Uno datore di lavoro, l'altro dipendente: "scintille" dopo l'udienza tra fratelli

Sarebbe partito anche un pugno, da una persona vicina al datore di lavoro, al dipendente. Sul posto polizia e ambulanza. Tutto è successo dopo un'udienza presso il tribunale di lavoro. Ma fino a questo momento, nessuna denuncia

 

LECCE – Uno datore di lavoro, l’altro dipendente. Un legame difficile, come tanti rapporti professionali, in tempi di crisi, reso ancor più incandescente dalla parentela stretta che vige tra i due: si tratta di fratelli. E’ successo, dunque, che dopo un’udienza presso il tribunale del lavoro, in via Brenta, per discutere di una reintegrazione, i due, usciti dall’aula, abbiano proseguito nei corridoi la loro disputa.

E non essendoci più un giudice vicino per sedare gli animi, questi si sarebbero accesi a tal punto da provocare scintille. Scintille solo verbali, s’intende. E però, davanti a decine di avvocati, loro clienti, altro personale del tribunale civile.

Il problema vero e proprio sarebbe sorto quando dalle parole s’è passato ai fatti. Secondo una ricostruzione, al momento ancora da verificare, un conoscente che avrebbe accompagnato il datore di lavoro per l’udienza mattutina, temendo di verderlo soccombere, avrebbe reagito con troppa veemenza, colpendo il dipendente.

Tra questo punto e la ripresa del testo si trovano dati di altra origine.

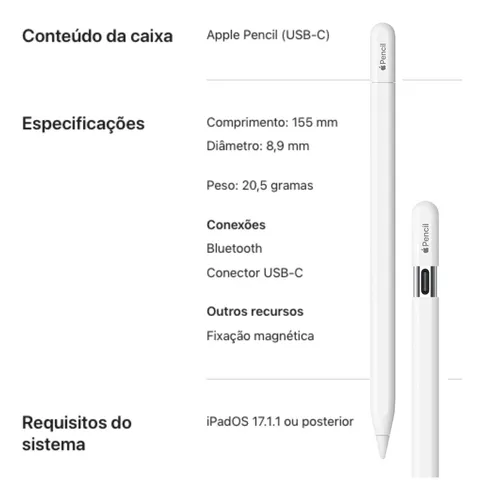 Apple Pencil Usb-c Original Lacrada Garantia 1 Ano A3085 New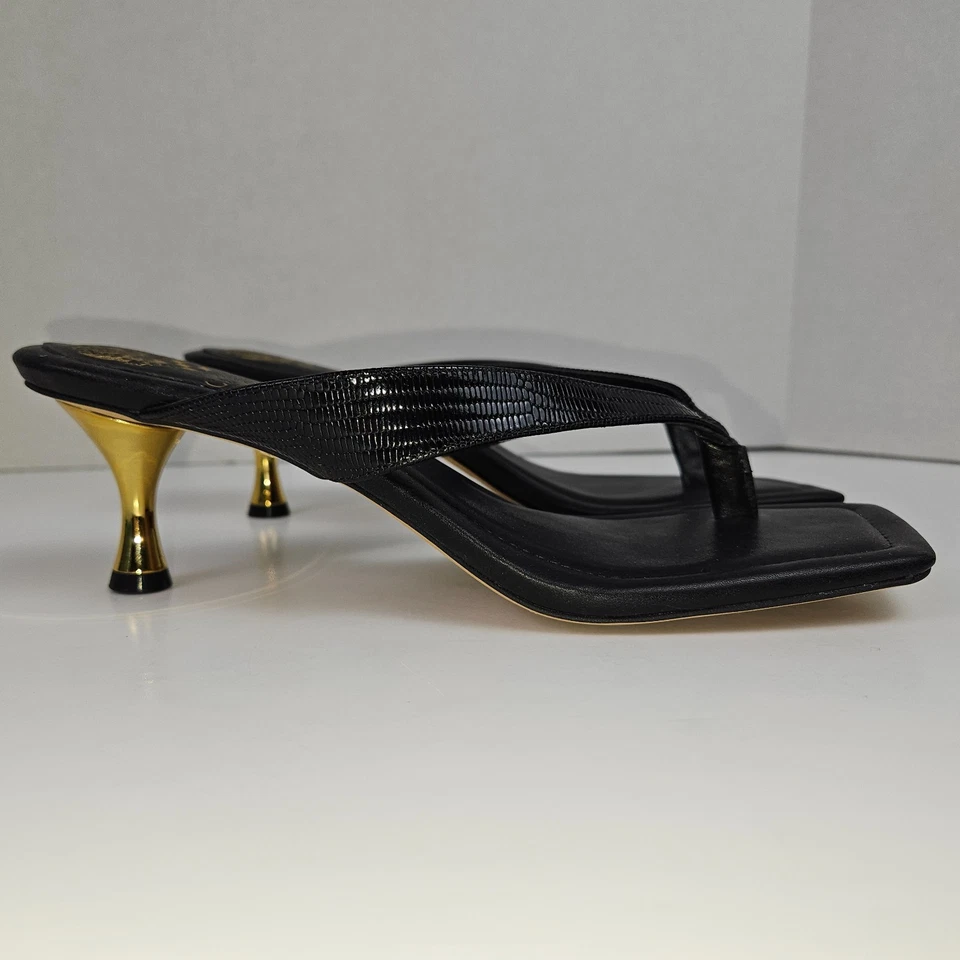 Vince Camuto Venantha 8M Black Gold Glossy Lizard Leather Kitten Heel Sandals - Image 3 of 4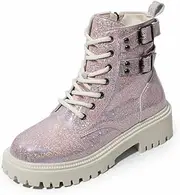 [ZJWBB] Women's Sparkly Combat Boots Fashion High Gang Combat Booties Lace Up Side Buckle Motorcycle Boots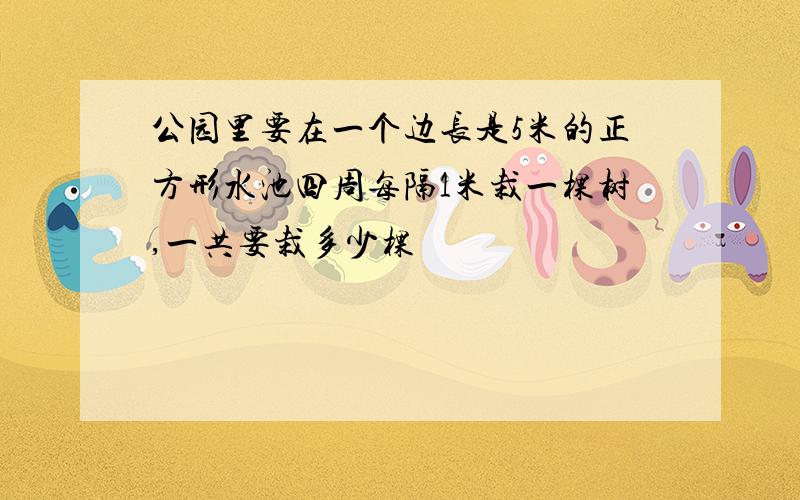 公园里要在一个边长是5米的正方形水池四周每隔1米栽一棵树,一共要栽多少棵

E da lì, il putiferio: ambulanza e volanti di polizia. diverse, infatti, sono state le chiamate al 113, quando i presenti si sono resi conto che la situazione stava assumendo una brutta piega. Il fratello ferito s’è fatto medicare. Ma la vicenda, ancora non ha avuto un epilogo, perché finora nessuno ha presentato querela presso gli uffici della questura.